An investment prospectus informs investors about the details of a business, such as financial history, risks and outlook. It also promotes the business to potential investors. Mutual funds must publish a prospectus for each fund family. Companies looking for venture capital financing or preparing to list on a stock exchange need a prospectus.
Write the executive summary so that a busy investor can get a quick overview. Include the mission statement, brief history, key products and services, financial summary and contact information. Outline your funding requirements. Limit this section to two pages.
Introduce the leadership and key investors. Provide biographical summaries of the senior executive officers, including the president, chief financial officer and key product leaders. Provide an overview of the key investors—for many small businesses, these are often the senior officers.
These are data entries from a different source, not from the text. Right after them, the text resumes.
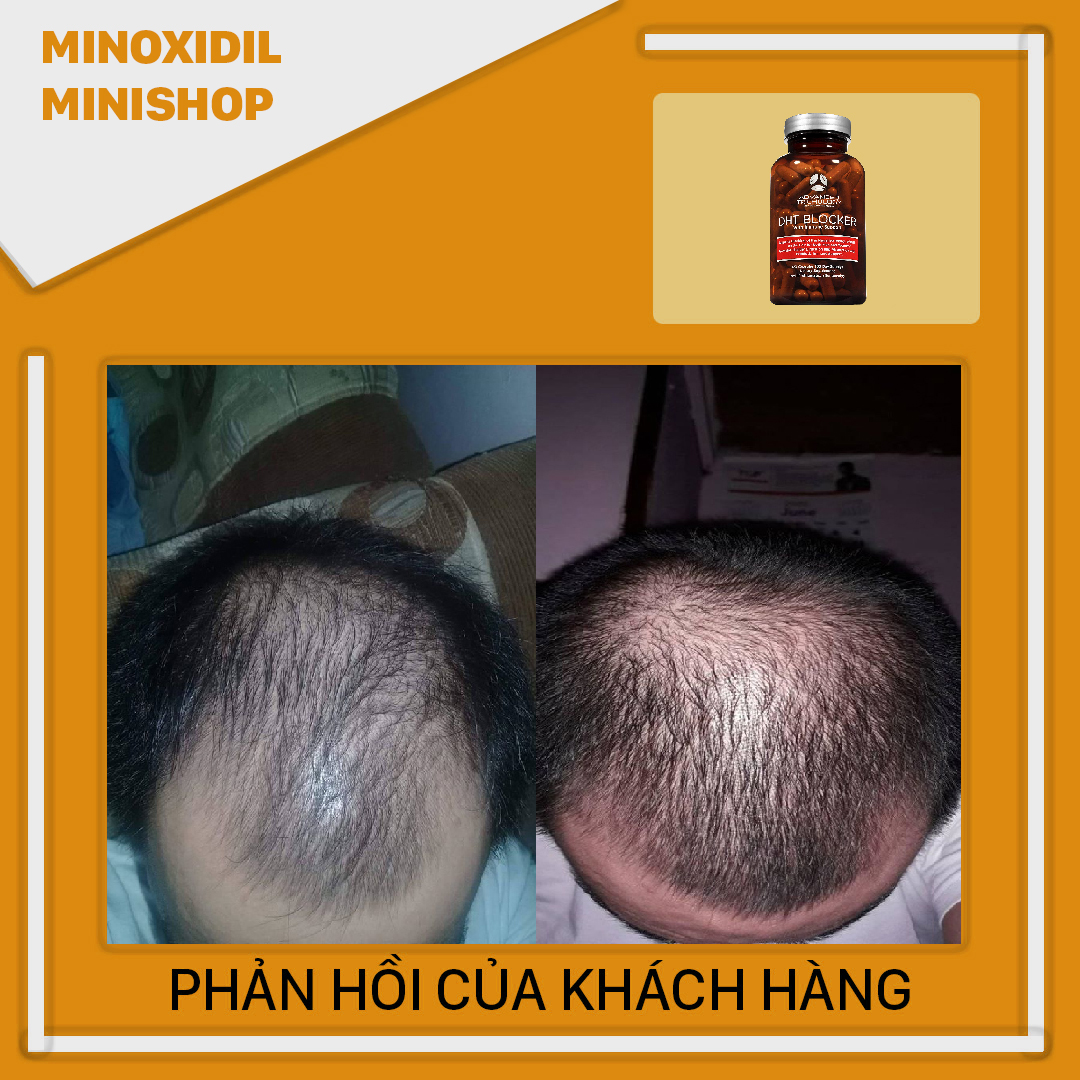 Advanced DHT Blocker chống rụng tóc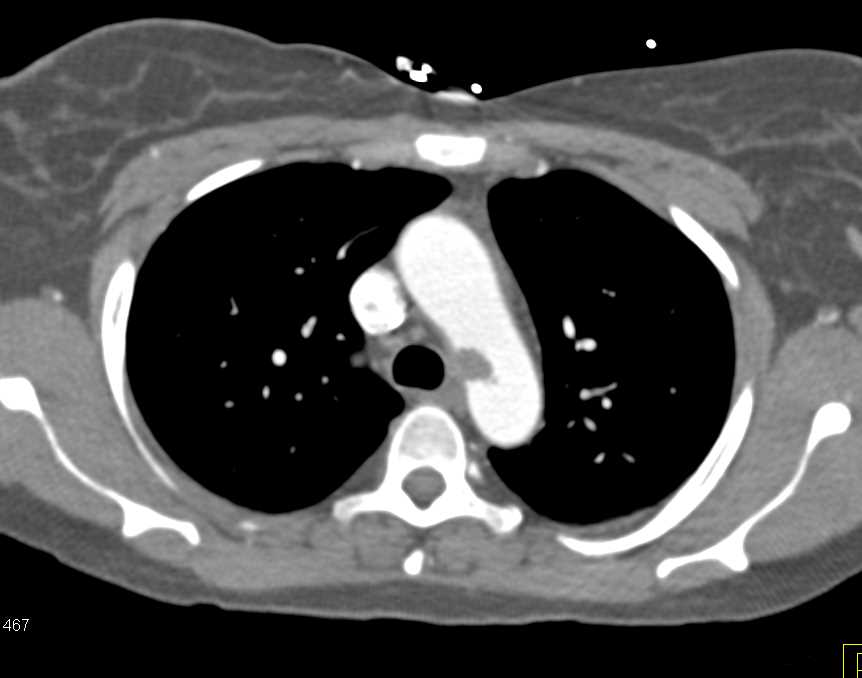 Thrombus in Descending Thoracic Aorta - CTisus CT Scan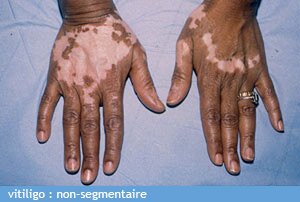 vitiligo non segmentaire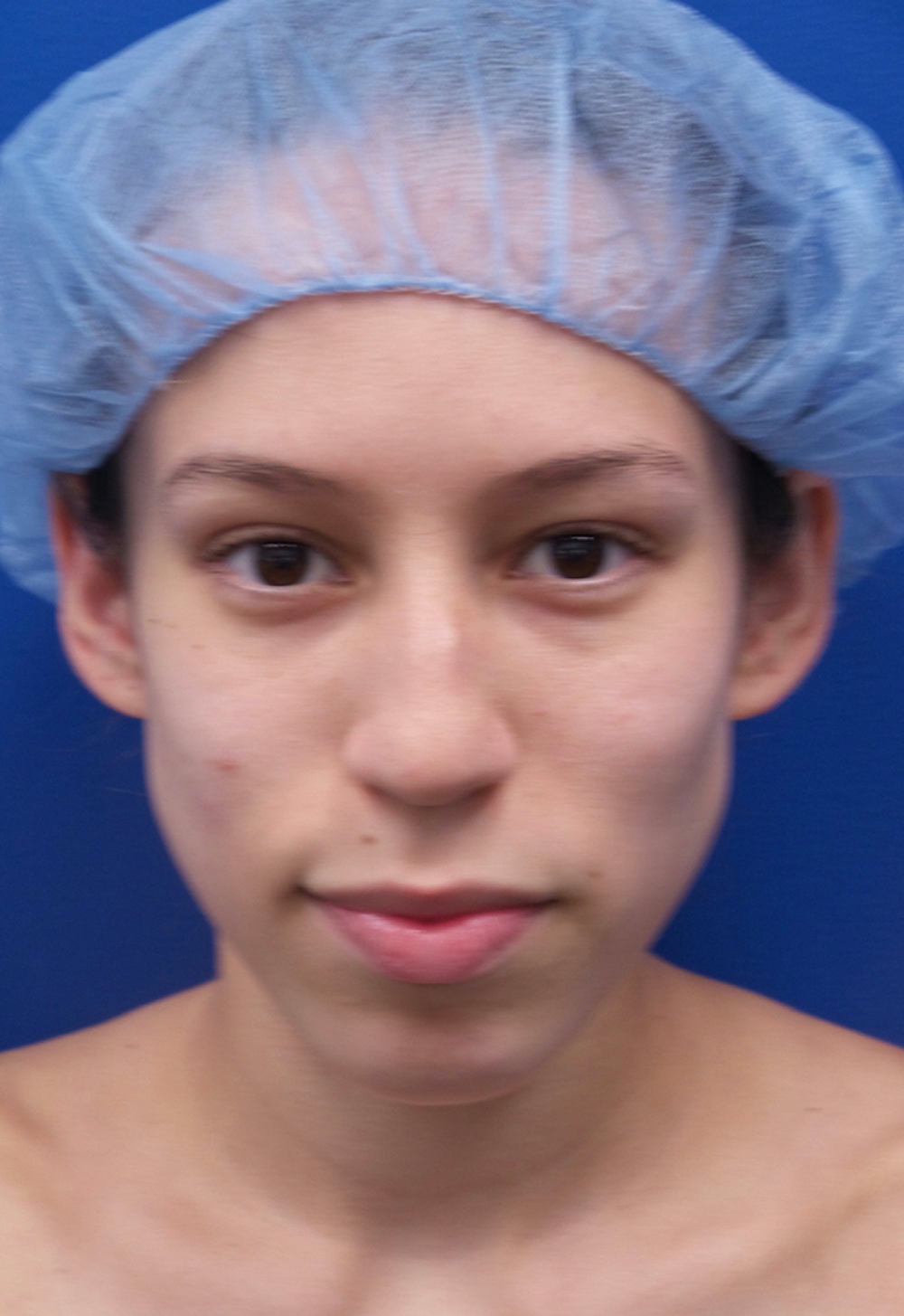 Nose Surgery 38420 Aristocrat Plastic Surgery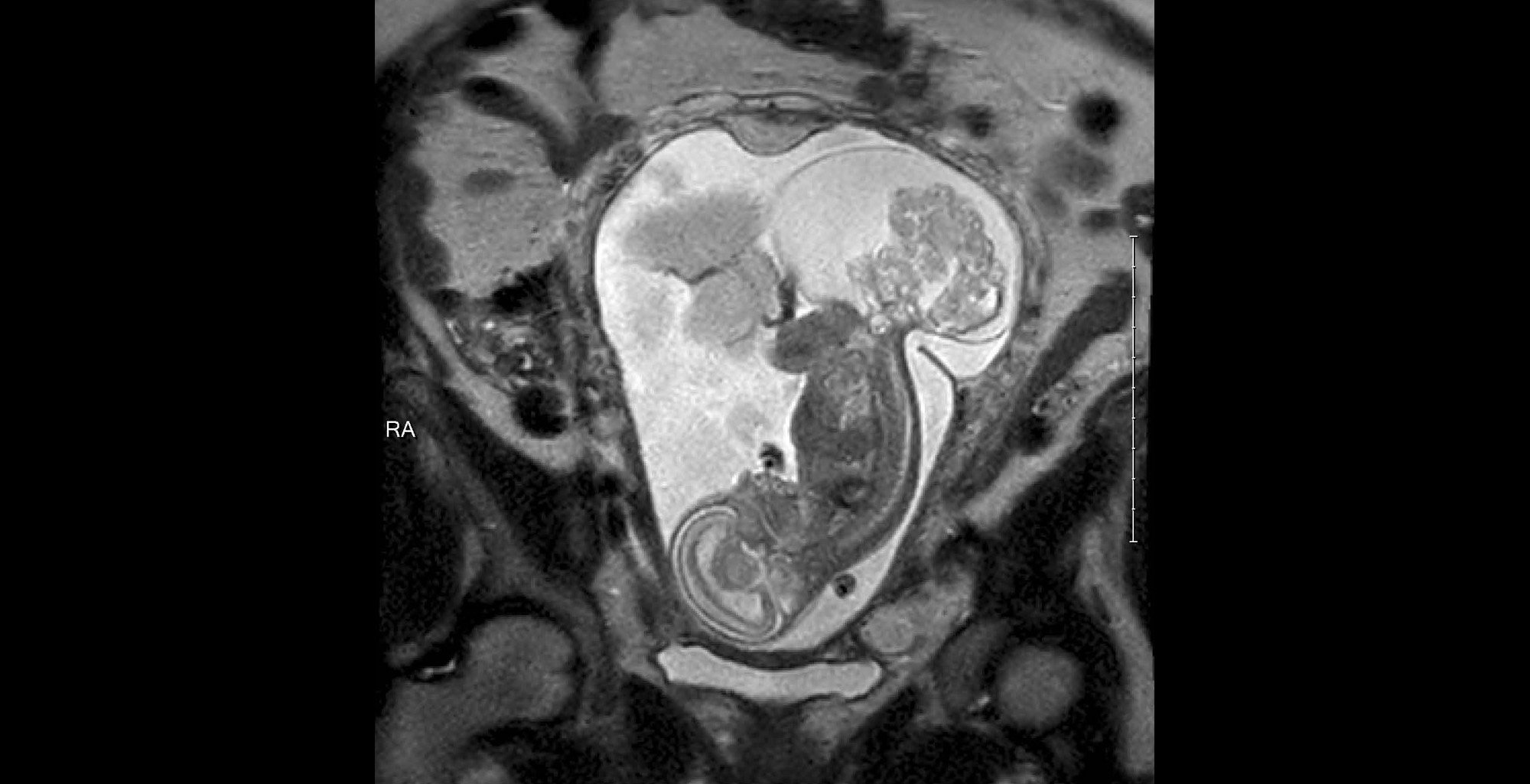 The tumor threatening LynLee's life can be seen in this ultrasound. Sacrococcygeal teratoma is found more often in girls than boys. (Photo: Courtesy Paul Vincent Kuntz)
Describe the business environment. This includes a description of the addressable market, competitive environment and key success factors. Identify the key competitors.
Describe the company’s key products and services. Mention some of your top clients, after getting their permission. Highlight key historical financial data such as sales growth, profit margin, debt levels relative to current (or cash) assets and annual cash flow.
Describe the funding requirements. Provide details on the proposed use of the funds. For example, if you are planning a new product launch, describe how the additional funds may help you achieve your sales objectives.
Describe the risk factors. Provide details on key client relationships that provide 10 percent or more of your revenue. Alert investors to how changes in any of these relationships could have a material impact on sales and profits. Outline issues relating to product development. For example, biotechnology products often have to go through a lengthy approval process before they can be marketed. Outline any pending litigation issues and how their resolution may impact your earnings.
Attach the historical financial statements and no more than one or two product brochures as appendices.
Forward-looking information is not necessary in a prospectus. Publicly listed companies often add lengthy disclaimers when they talk about the future. Be realistic in your projections because savvy investors are going to see through overly optimistic or pessimistic forecasts.